Restate word for word the lines below, from the one containing "Pink Faux Fur" through the final line, with no pictures included.

[Saved entries]
=-=-=-=-=

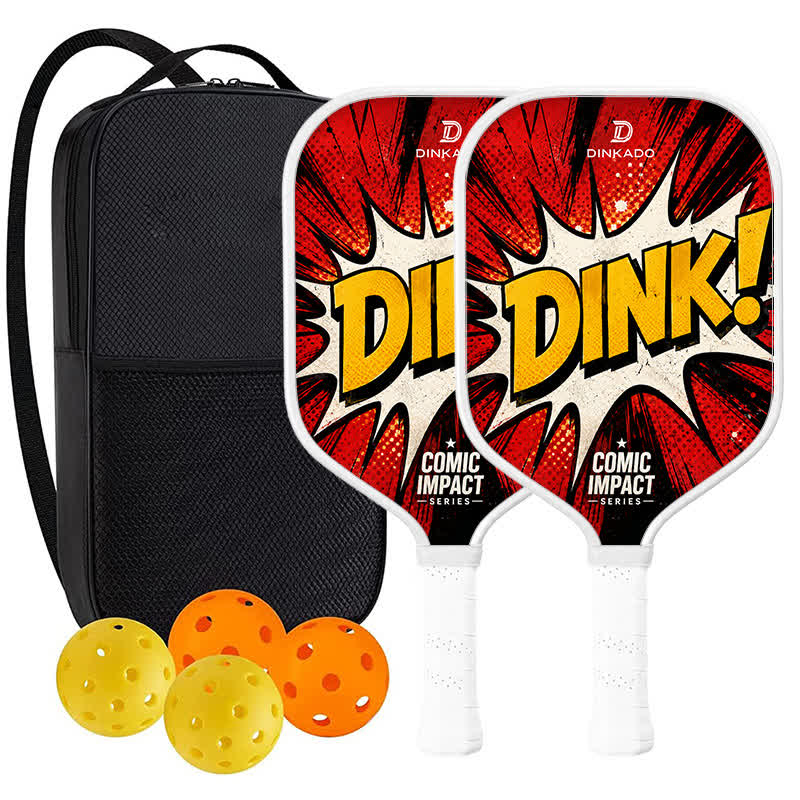 Dinkado USA Pickleball Approved Carbon Fiber Paddle – 16mm "DINK BLAST" Original Comic Impact Design for Power & Control - Elongated - Carbon Fiber Face - 2-Paddle Set - image 10
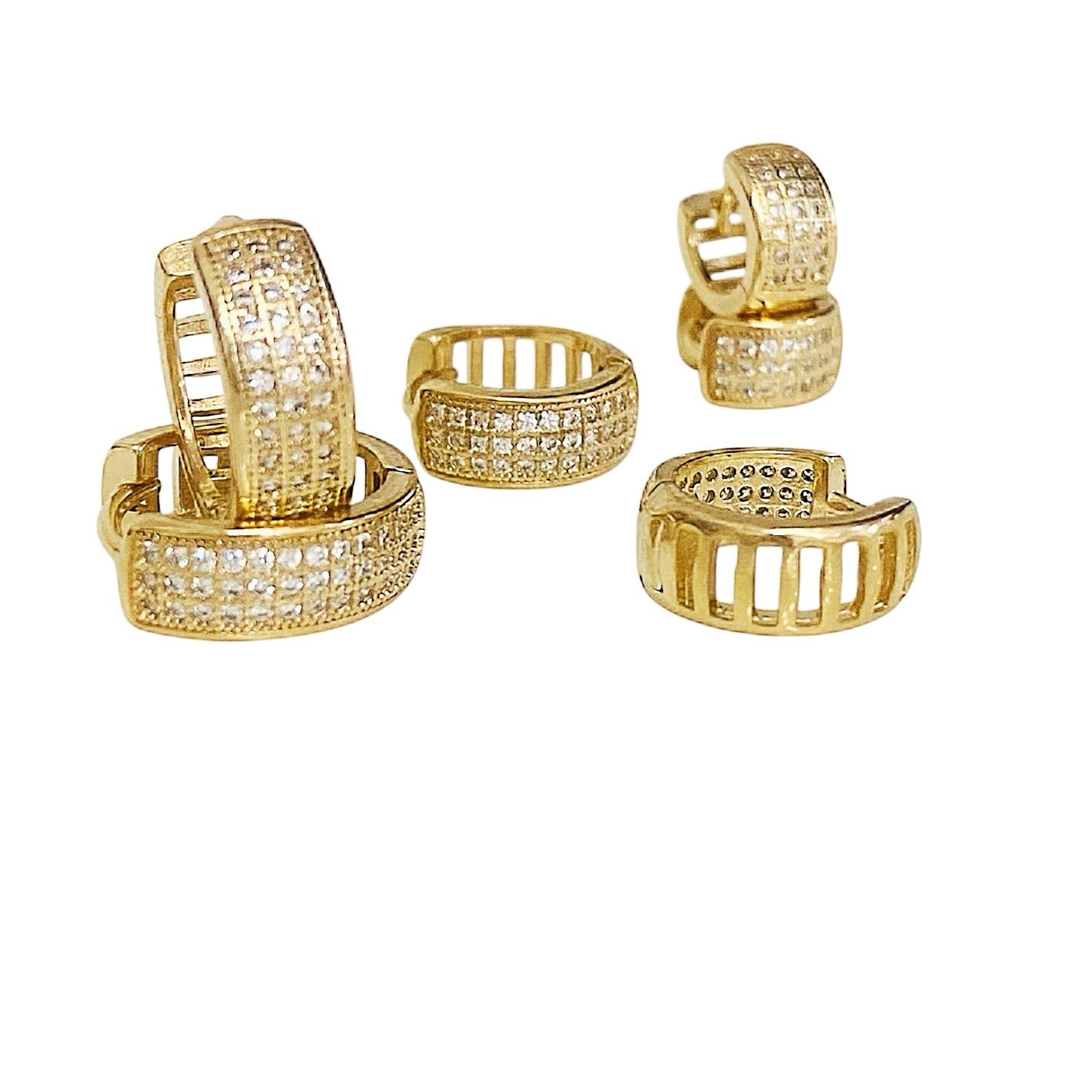 Trio De Brincos Argolas Com Zirconia Folheado A Ouro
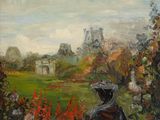 tableau représentant une femme dans un jardin, avec des fleurs et un château en arrière-plan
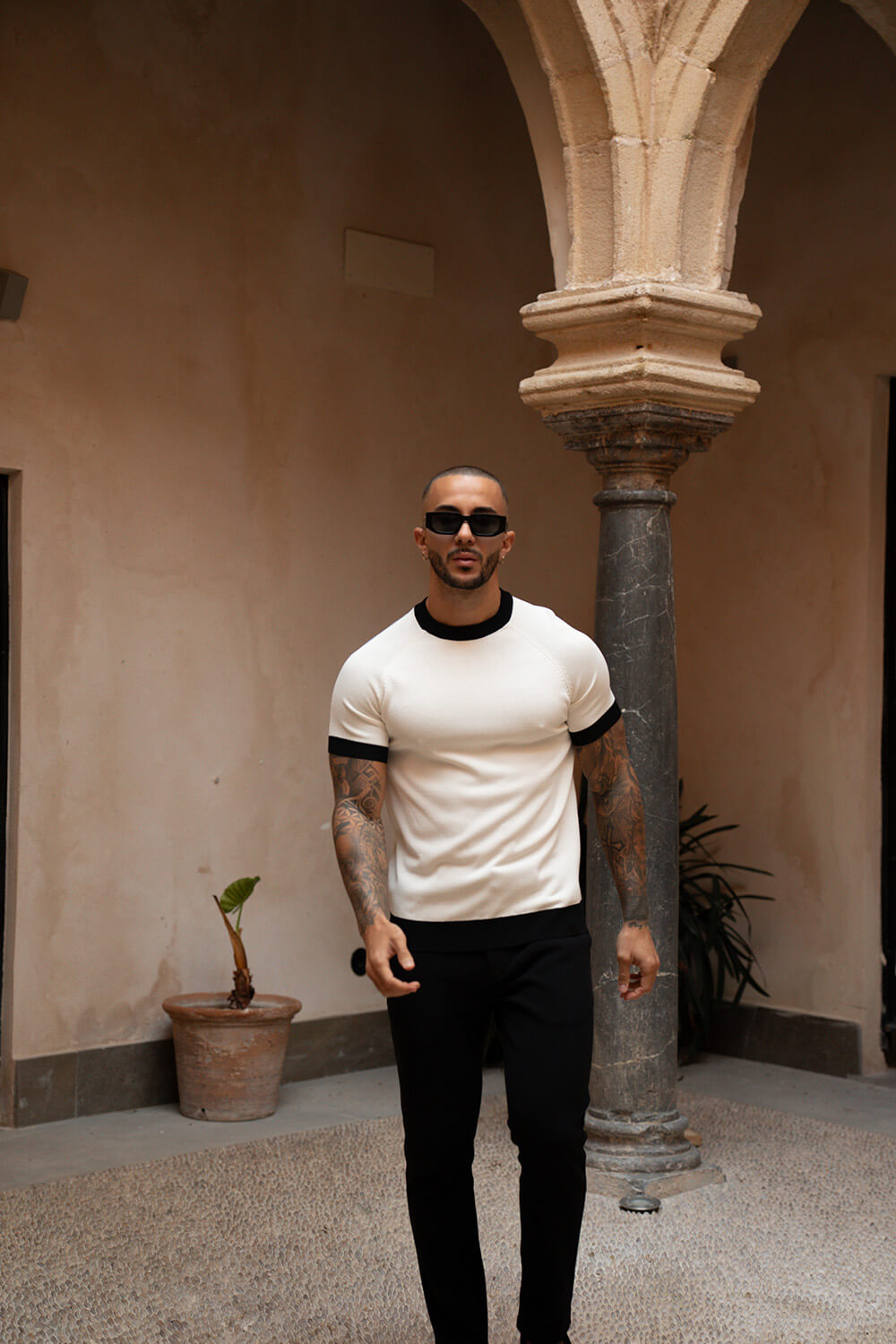 Capri Ringer Knit Tee - White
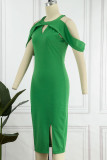 Pink Elegant Solid Patchwork O Neck One Step Skirt Dresses
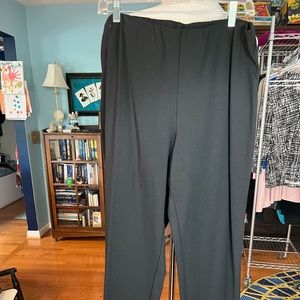 Jet black ponte knit slim leg tall large elastic waist pant.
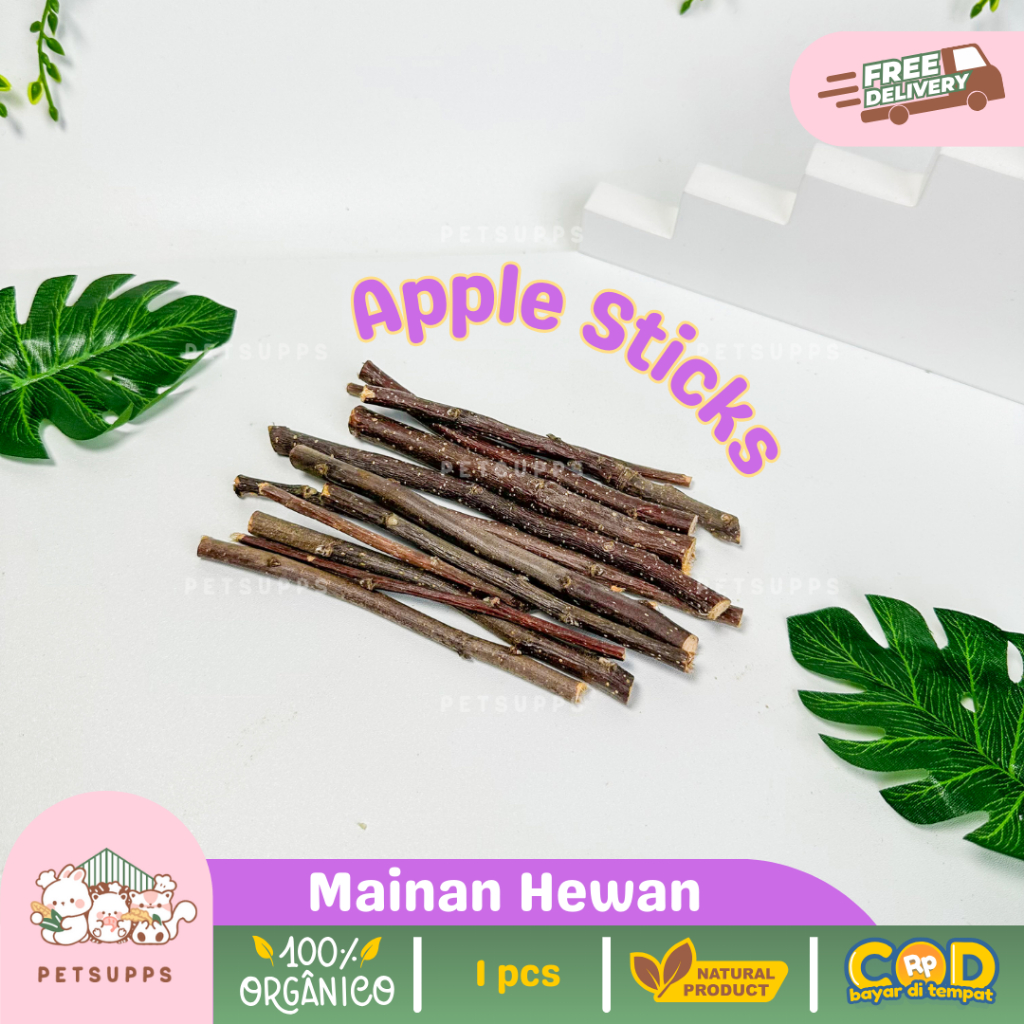 Apple stick FULL SIZE 13-15cm| Apple orchard stick | gigitan hamster | apple chew toy | grind teeth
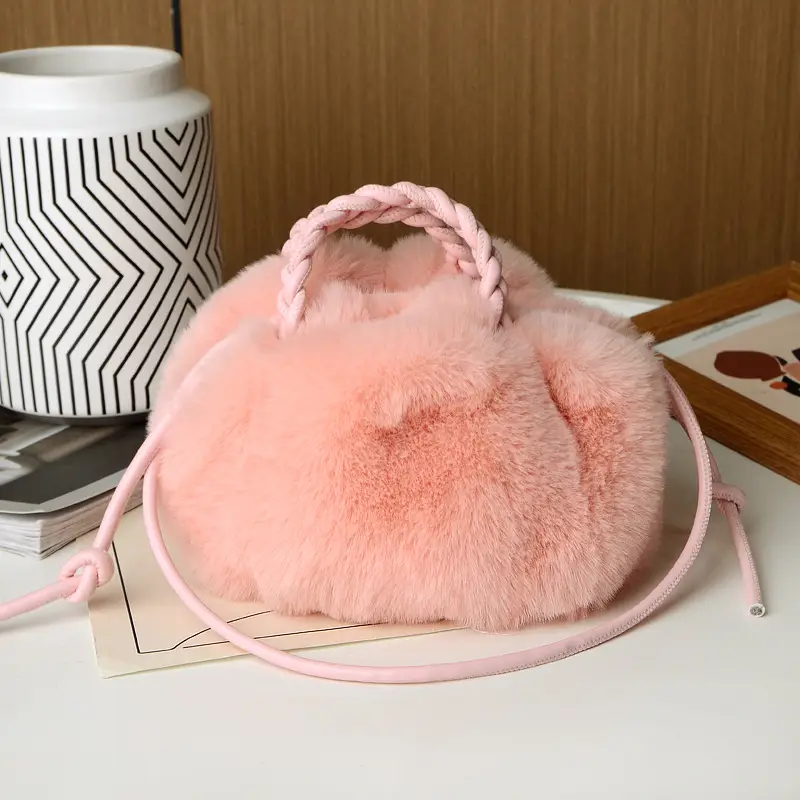Pink Faux Fur Shoulder Bag for Women Autumn Winter 2024 - Image 3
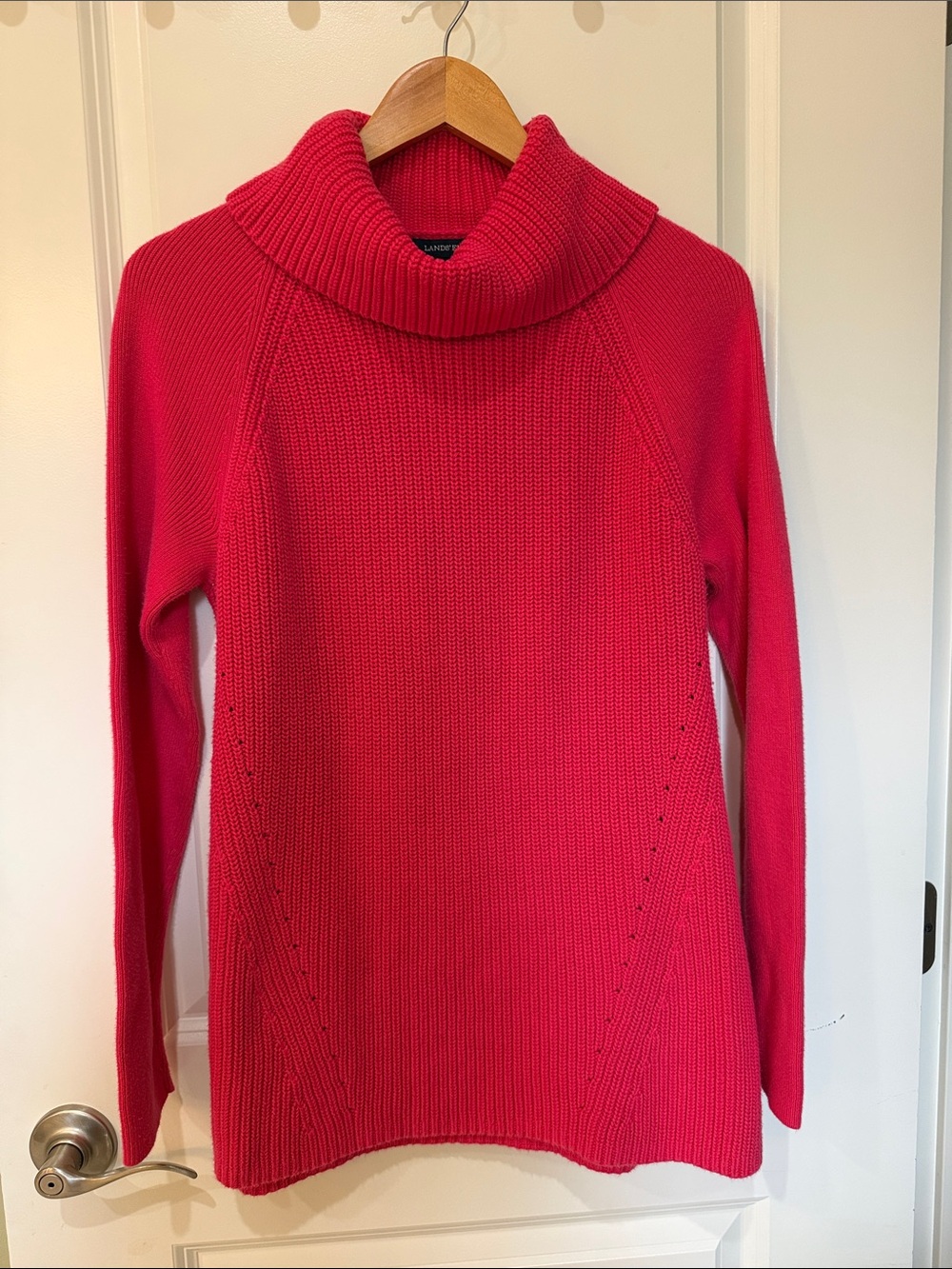 Lands' End Women's Turtleneck 100% Cotton Ribbed Sweater Hot Pink Barbiecore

=-=-=-=-=

| EXERCISE RESULT |
Pink Faux Fur Shoulder Bag for Women Autumn Winter 2024 - Image 3
 Lands' End Women's Turtleneck 100% Cotton Ribbed Sweater Hot Pink Barbiecore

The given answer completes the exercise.